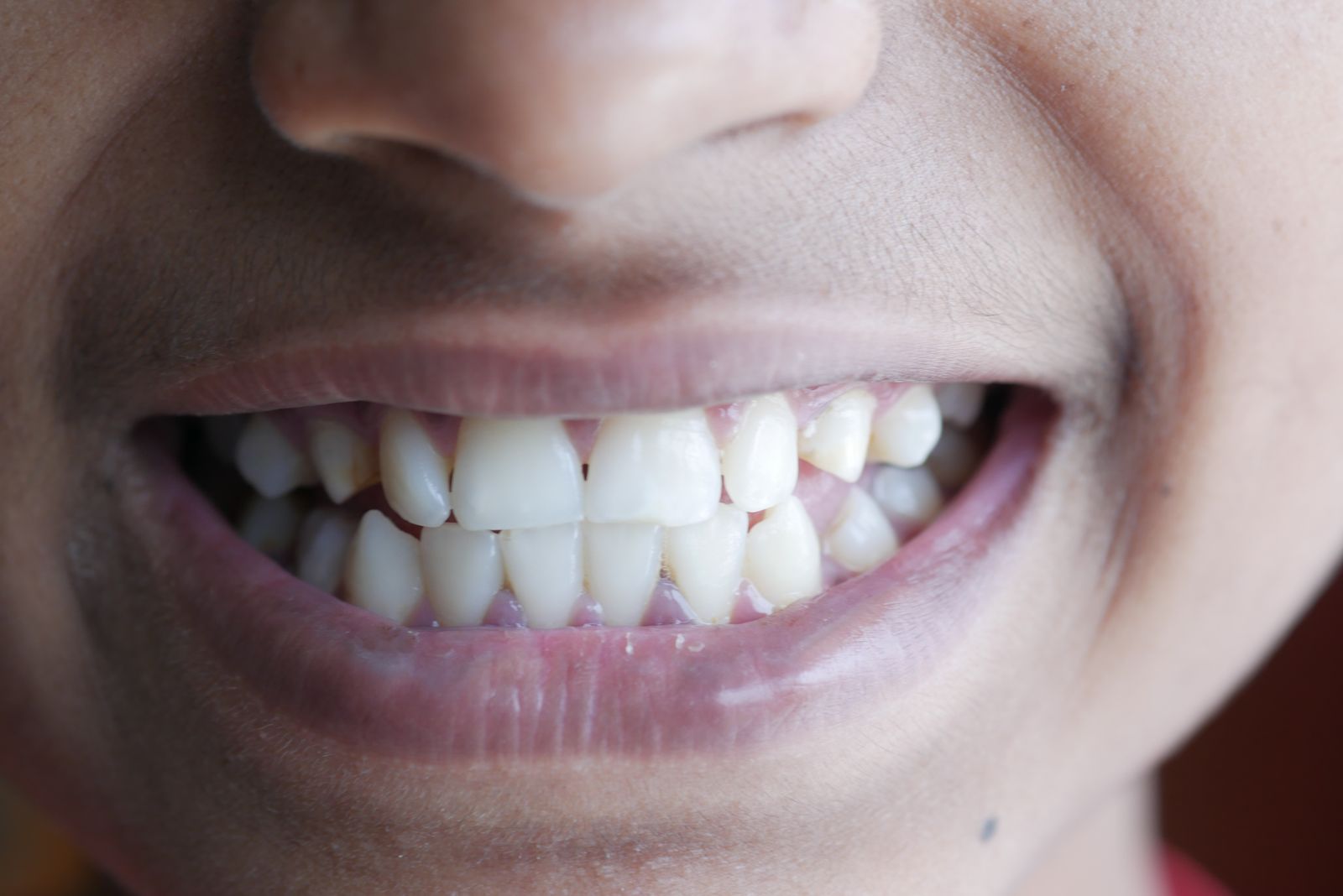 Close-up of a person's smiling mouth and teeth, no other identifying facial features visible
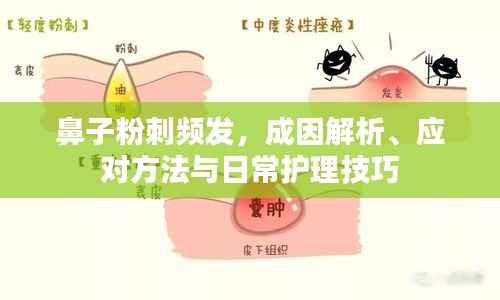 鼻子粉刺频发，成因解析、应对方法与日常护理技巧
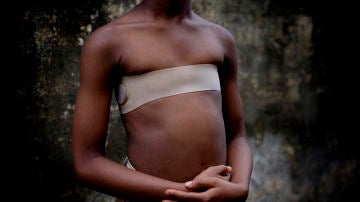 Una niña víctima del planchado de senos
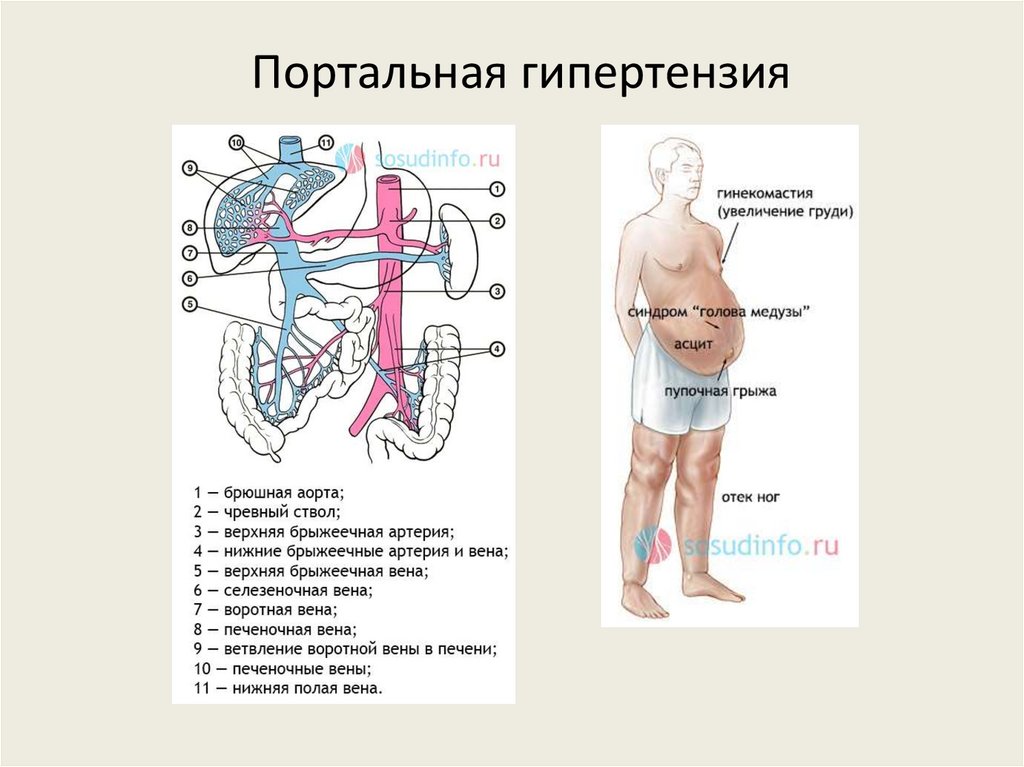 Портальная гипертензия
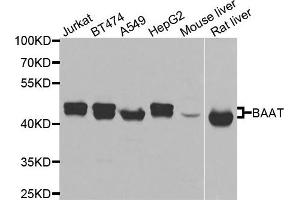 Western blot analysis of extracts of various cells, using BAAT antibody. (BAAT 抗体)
...
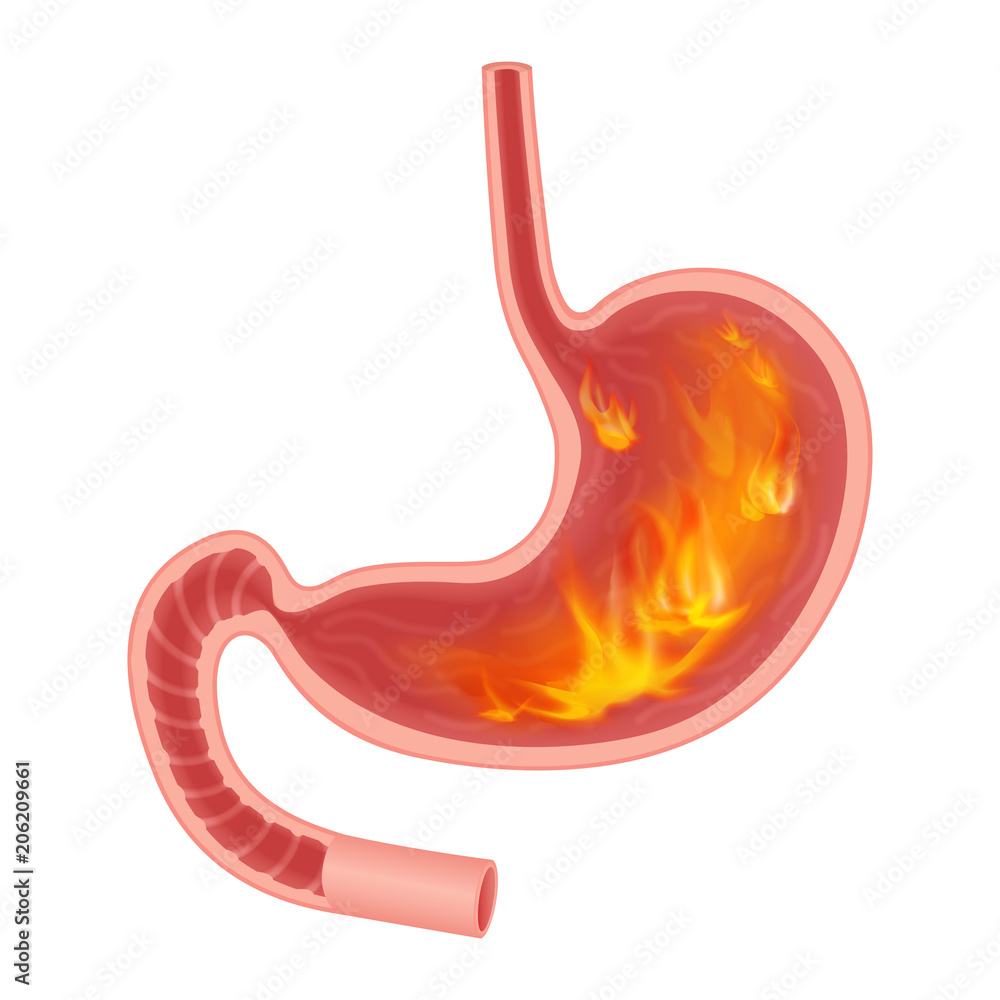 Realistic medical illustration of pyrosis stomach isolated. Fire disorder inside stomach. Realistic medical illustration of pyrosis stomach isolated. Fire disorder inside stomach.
* * *
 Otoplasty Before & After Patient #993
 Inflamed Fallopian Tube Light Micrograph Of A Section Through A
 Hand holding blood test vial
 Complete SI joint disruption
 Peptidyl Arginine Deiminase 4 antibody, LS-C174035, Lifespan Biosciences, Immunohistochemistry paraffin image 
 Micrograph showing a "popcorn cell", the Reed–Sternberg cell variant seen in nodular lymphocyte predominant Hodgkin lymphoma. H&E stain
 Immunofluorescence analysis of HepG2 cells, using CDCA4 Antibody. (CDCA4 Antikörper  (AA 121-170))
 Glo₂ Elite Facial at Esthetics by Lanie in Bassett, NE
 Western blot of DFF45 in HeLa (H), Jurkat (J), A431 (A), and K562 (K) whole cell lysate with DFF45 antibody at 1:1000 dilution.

__Exercise brief__. From the records above, transcribe only the stretch from the line with "Close-up of a" through the line with "Western blot analysis", keeping both ends. Omit pictures.

__The answer__.
 Close-up of a person's smiling mouth and teeth, no other identifying facial features visible
 鼻子粉刺频发，成因解析、应对方法与日常护理技巧
 Una niña víctima del planchado de senos
 Портальная гипертензия
 Western blot analysis of extracts of various cells, using BAAT antibody. (BAAT 抗体)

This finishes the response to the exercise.